Tara Gearheart started working remotely when she was an inside sales rep at HubSpot. After 60 days of training, she was able to work at home twice a week. That bumped up to three days at home and two in the office after the birth of her daughter. About two years later, with daughter number two on the way, she launched her own company, tMedia Consulting. Since working from home had been going so well, she continued the set up. Now she goes out for client meetings and spends one day a week at a co-working location.
What were the challenges for you when you first started working from home?
I didn't set boundaries. Every room in my house became a pseudo workroom. That was bad for a lot of reasons. I never had a relaxing place. I started associating not only my office but also my living room and kitchen and everywhere else with work. I finally realized that I had to set build boundaries, so we set up a defined home office with a door. I also had to figure out how to work with an office mate. My husband works from home occasionally too. At first, we had side by side desks, but when the baby came and he was around more, we changed it up so we each had one side of the room. You have to experiment and figure out what makes sense.

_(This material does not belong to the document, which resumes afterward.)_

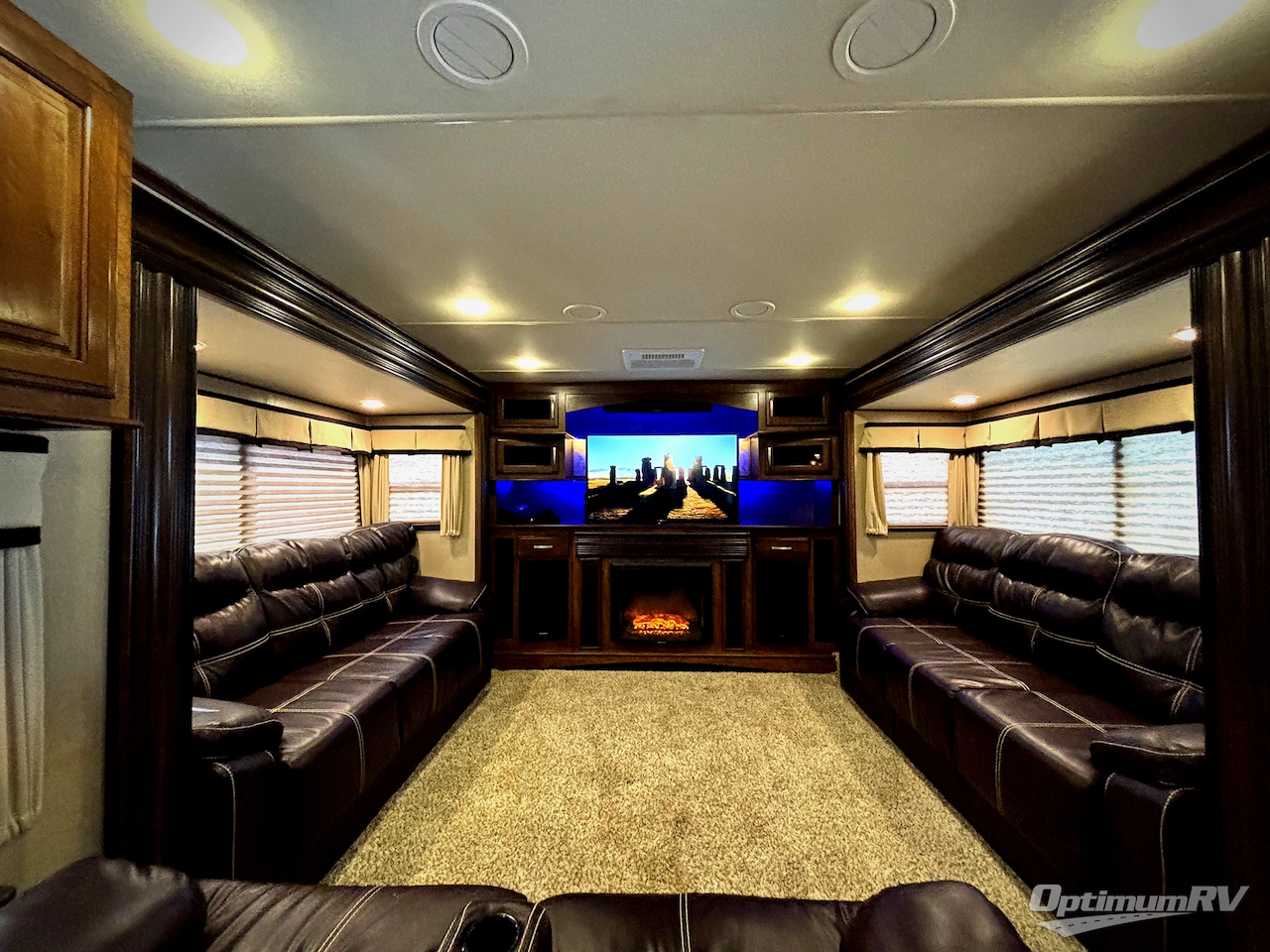 2016 Grand Design Solitude 379FL Photo 11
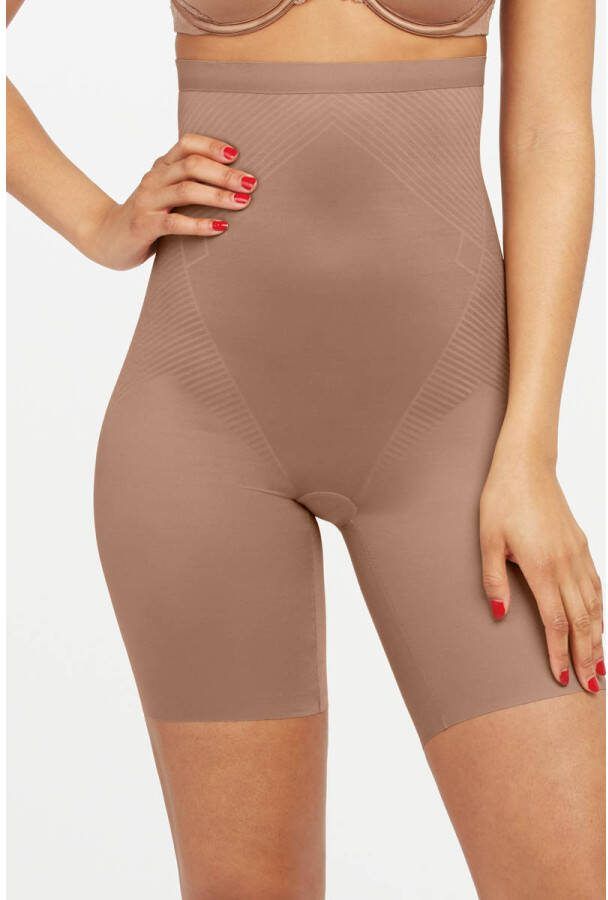 SPANX shape™ Invisible seamless medium corrigerende High-Waisted Mid-Thigh short donkerbeige - Foto 3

Why did you decide to keep working at home?
After my first daughter was born, I realized I could never work 9 to 5 in an office again. There was too much time wasted on commuting and chit chat in between meetings. I am way more productive when I'm on my own in the office.

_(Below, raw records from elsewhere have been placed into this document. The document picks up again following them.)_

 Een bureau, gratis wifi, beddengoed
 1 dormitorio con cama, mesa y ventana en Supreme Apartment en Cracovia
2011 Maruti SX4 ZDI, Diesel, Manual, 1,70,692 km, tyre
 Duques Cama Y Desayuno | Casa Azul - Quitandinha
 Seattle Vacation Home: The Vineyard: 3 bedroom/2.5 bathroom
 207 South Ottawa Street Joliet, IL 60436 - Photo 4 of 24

How did you manage working at home when you had babies in the house?
We hired a nanny to help when they were little. Now, it's a combination of school and babysitters.
With so much going on how do you make it work?
I rely heavily on a calendar. I've always been super organized and cognizant of time. When I was working in radio, we would always have a 15-minute leeway and I've learned to build that in. At Hubspot, if a meeting was scheduled for 1 to 2, it would end at 1:55 so you could get to the next one. I became aware of what you can get done in 15 or 30 minutes or an hour. And I use that to plan the day. My scheduling includes the children. I get up at 5:15 am and do some work before they get up. Then I get them ready, and off we go. There is either school or a nanny. Starting around 3 p.m., we have family time until 7 p.m., when they go to bed. Then I will have some time with my husband and sometimes do a little more work. I try to schedule out two weeks at a time so I can put in major projects, deadlines and client leads. I avoid having fire drills due to a lack of planning.
Why did you decide to do a day of co-working when you have such a great home office?
I don't like being confined to my house all day. Plus, I like the team environment and the group camaraderie at inc.ubate. I like engaging with my peers. You may not see the same person every time you go, but over time you get to know them, and they become a good referral network.
Have you worked out at other places?
I have worked at cafes, it's a decent option. But I really like the library. It's a great option because there are people around but it's quiet. I also like parks. I'll find a picnic table and use my portable hotspot. It's great to be outside.
What advice do you have?
You have to be disciplined. Working from home doesn't mean playing hooky and watching Lifetime. If you want your peers, your boss and your clients to take you seriously, you have to work like you are in the office. It's a mindset really. You may be in your yoga pants, but that doesn't mean relaxing and not getting things done. If you are on a team and working from home, make sure you are communicating with people on a channel like Slack. Make connections, utilize other people's brainpower, they can give you insights into the challenges you are facing. And, they need you too. Even if you're not eyeball-to-eyeball, you need that network of people. Be organized. And, be really conscious of time management. If you're new to working from home, be clear about what you're doing during the day. Keep a log. It sounds tedious, but it will help in the long run.